Records from a collection
• • •

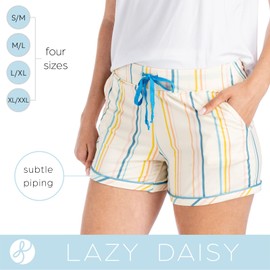 Hello Mello Signature Lounge Shorts Womens Soft Relaxed Pajama Bottoms Roomy Wide Leg Drawstring Waist Side Pockets - Havana Nights, Large/X-Large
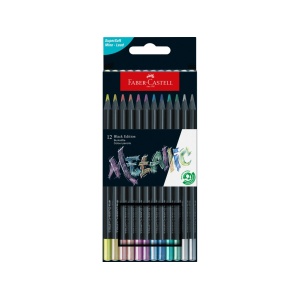 Creioane colorate triunghiulare black edition metalizate Faber-Castell 12 culori/set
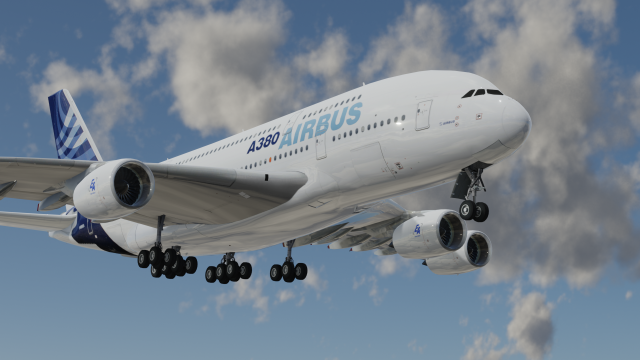AIRBUS A380 with Interiors 3D 模型 .c4d .max .obj .3ds .fbx .stl .blend 
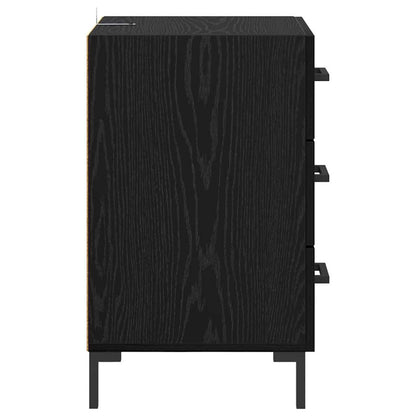 Bedside Cabinet Black Oak 40 x 40 x 66 cm Engineered Wood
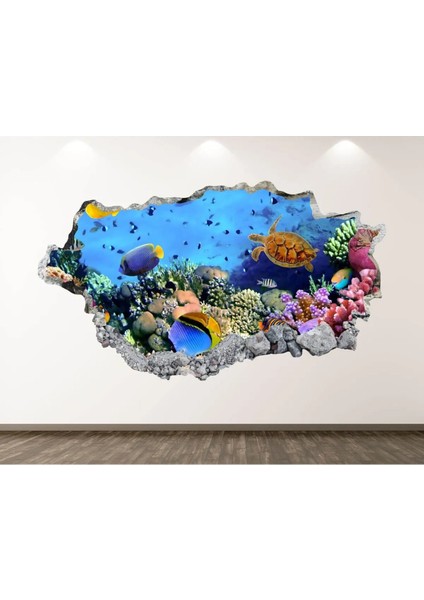 Büyük Akvaryum Balıklar ve Deniz Canlıları Full Hd Baskı 3D Duvar Sticker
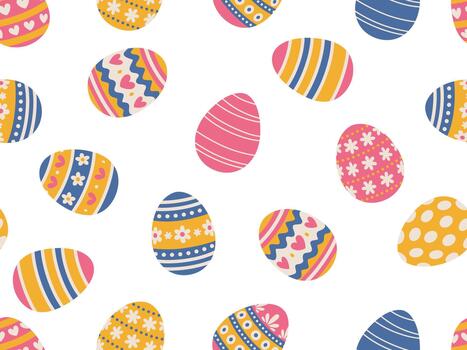 Seamless Easter egg pattern. Easter background, bright eggs. vector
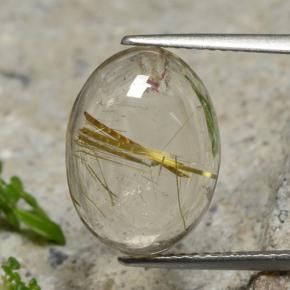7.9ct Oval Cabochon Colorless Golden Rutile Quartz for sale thumb image of 7.9ct Oval Cabochon Colorless Golden Rutile Quartz (ID: 307415)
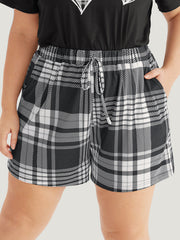 Plaid Print Elastic Waist Pocket Pajama Bottoms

• • •

What to produce → Exactly as written, restate the lines from the one that contains "Seamless Easter egg" through the final line of the data, both ends included, but leave out the pictures.

Solution to this exercise →
 Seamless Easter egg pattern. Easter background, bright eggs. vector
7.9ct Oval Cabochon Colorless Golden Rutile Quartz for sale thumb image of 7.9ct Oval Cabochon Colorless Golden Rutile Quartz (ID: 307415)
 Plaid Print Elastic Waist Pocket Pajama Bottoms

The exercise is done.